According to assessments by BigMint, BF-grade coke (25-90 mm) prices in eastern India held steady at INR 36,400/t ex-Jajpur, while western India prices remained unchanged at INR 33,500/t ex-Gandhidham. In the foundry segment, +90 mm foundry-grade coke prices also remained stable at INR 36,400/t ex-Rajkot, indicating limited volatility across key consuming regions.
Import parity supports domestic price floor
Import parity continues to underpin domestic coke prices. Indonesian-origin BF coke (65/63 CSR) was assessed at $288/t CFR India, up marginally by $1/t w-o-w. Despite the slight correction, import prices remain sufficiently elevated to maintain a firm floor for domestic coke values, limiting the possibility of a sharp price decline in the Indian market.
Australian coking coal prices drop w-o-w
On the raw material front, Australian premium hard coking coal (PHCC) prices eased marginally by $5/t w-o-w to $231/t FOB, providing only limited cost relief to coke producers. The earlier rally in coking coal prices continues to influence coke production costs, thereby supporting the current price stability in the domestic coke market.
Meanwhile, China's domestic coking coal market remained largely stable during the week. Coal mine supply stayed normal, while spot prices showed minor corrections amid cautious procurement and limited new orders from downstream coke and steel producers. Despite this, coking plants maintained high operating rates and healthy margins, supported by strong steel production and elevated blast furnace utilisation. As a result, inventories at coking plants remained relatively low.
At Chinese ports, spot coking coal prices strengthened slightly, while freight rates remained weak. Additionally, Chinese coke producers have proposed a second round of price increases, though steel mills have yet to respond, keeping the market in a negotiation phase.
Downstream pig iron prices soften
In the downstream segment, steel-grade pig iron prices in Durgapur declined by INR 450/t w-o-w to INR 40,600/t ex-works, indicating a slight moderation in demand.

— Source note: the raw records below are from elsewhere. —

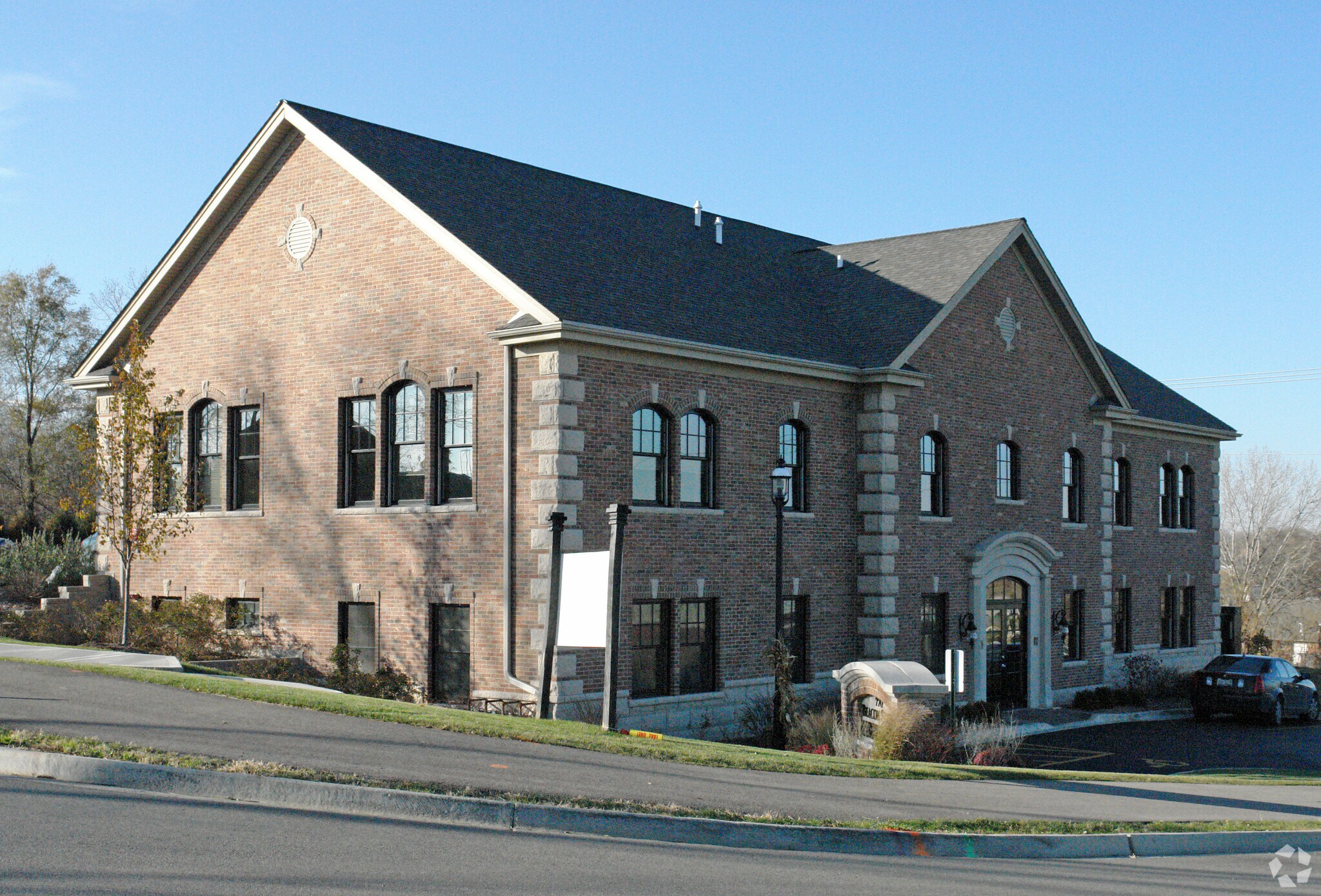 770 Beacon St, West Dundee, IL à vendre Photo principale– Image 1 sur 27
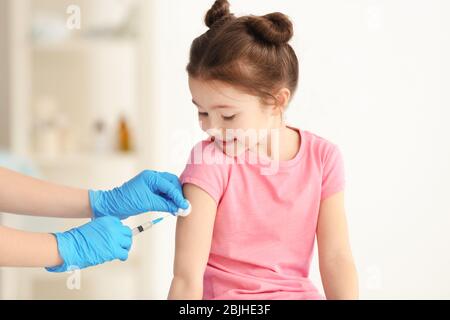 Concept de vaccination. Femme médecin vacciner mignonne petite fille en clinique Banque D'Images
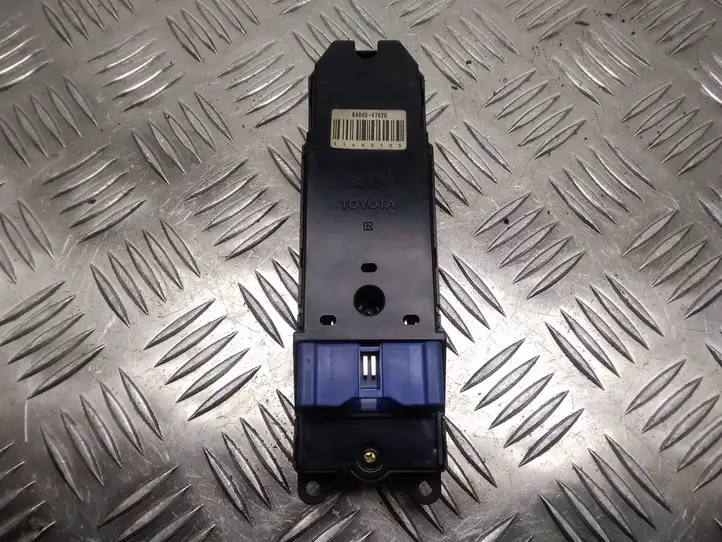 Toyota Prius (XW10) (1997 - 2003) 8404047020 Блок кнопок стеклоподъемников — фото 3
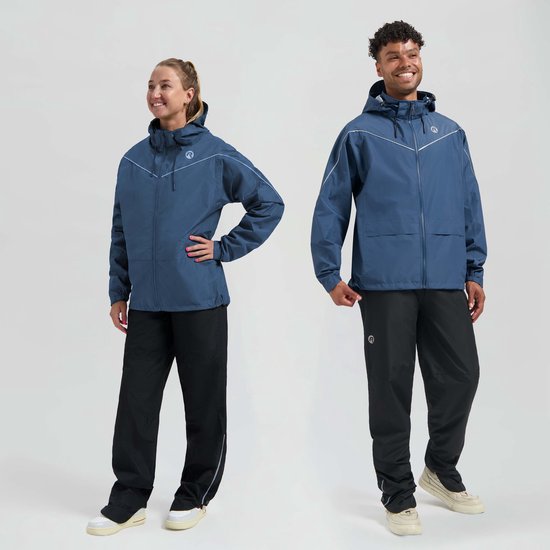 Blauw waterdicht regenpak van Rogelli met reflecterende biezen. Zowel de dames als de heren dragen een zwarte regenbroek.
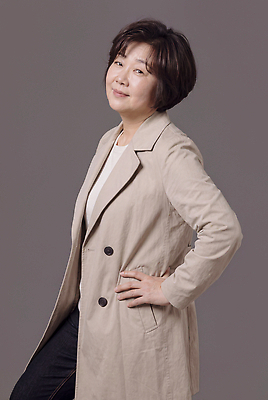 JPG 편집이미지 여자 포즈 서기 웃음 코트 베이지색 의료성형뷰티 편집실사 AI인물포토 AI콘텐츠 컬러 모션 표정 사람 외투 CG 파일형식 AI포토 상의 옷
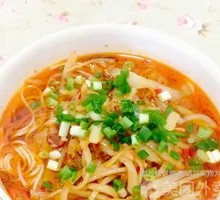 Pickled Vegetable and Pork Noodles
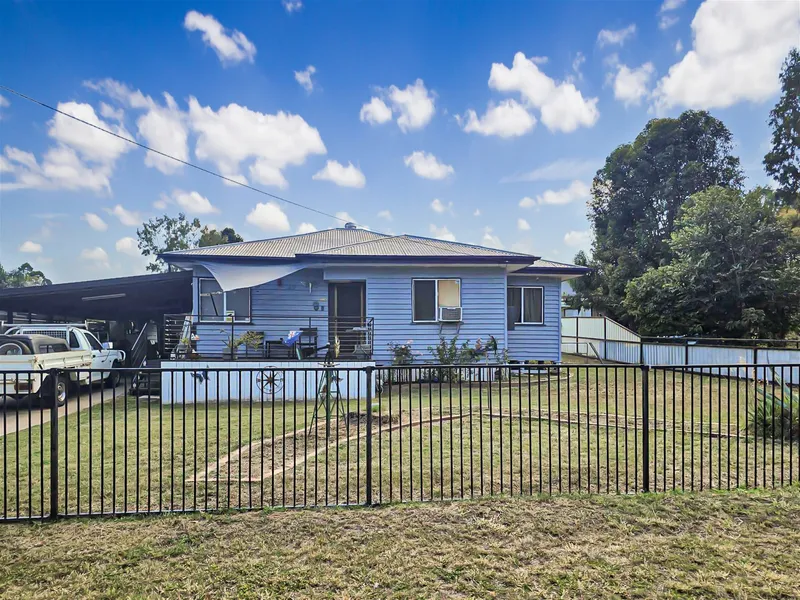 Charming Chinchilla Home: 3 Bed, 1 Bath with Carport & Verandah!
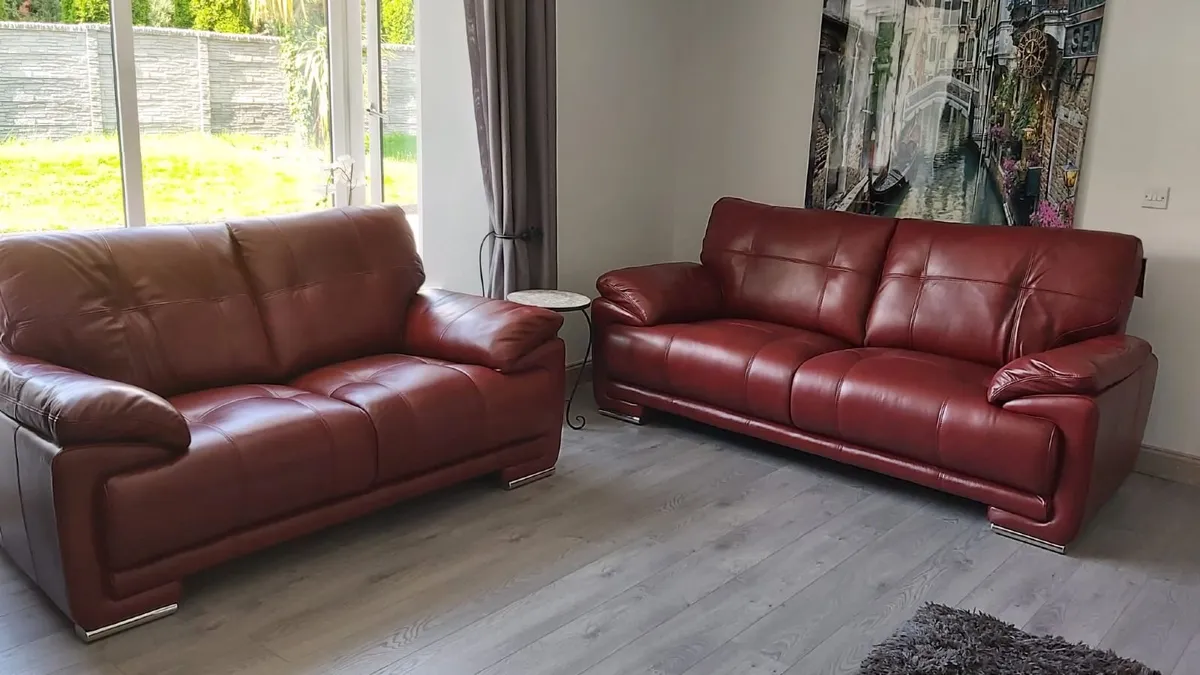 2 x Milan red leather sofas - Image 3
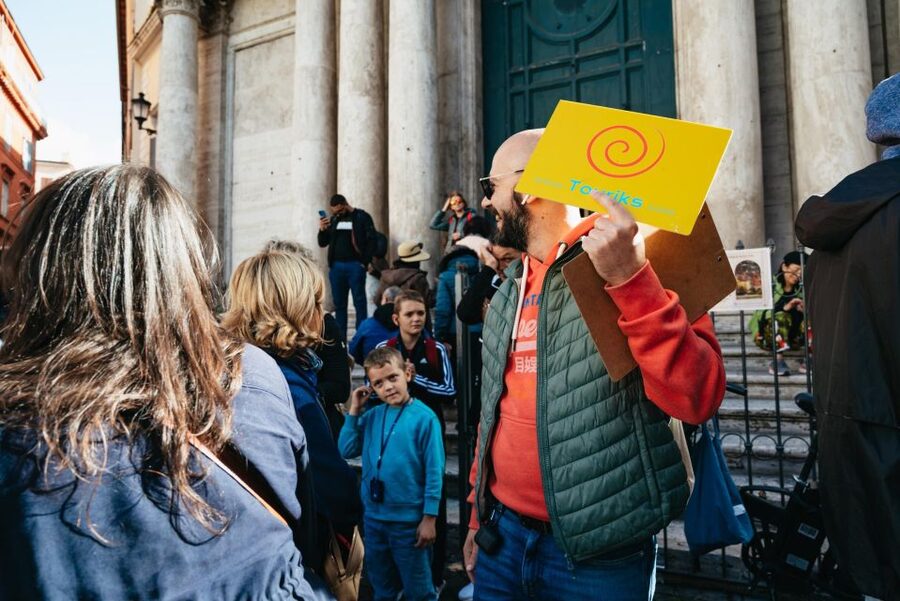 Rome: Trevi Fountain and Underground Guided Tour - Nine meters down at Vicus Caprarius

Supporting this trend, Steel Authority of India Limited Bokaro Steel Plant auctioned 3,500 t of steel-grade pig iron on 8 April 2026, with the entire quantity booked at an average price of INR 38,900/t.
Similarly, NMDC Limited's Nagarnar Steel Plant auctioned 7,000 t of steel-grade pig iron on 15 April, with the full quantity sold at the base price of INR 38,000/t. Bids declined by INR 200/t compared to the 9 April auction, reflecting slightly subdued demand conditions and a mild price correction in the pig iron segment.
Outlook
In the near term, India's BF-grade coke prices are expected to remain stable with a slight firm bias. Elevated import parity levels and relatively firm coking coal costs are likely to support domestic prices, while steady blast furnace operations at steel mills will continue to sustain demand. However, softness in pig iron prices and cautious downstream buying may restrict sharp upward movements, keeping the market largely range-bound in the short term.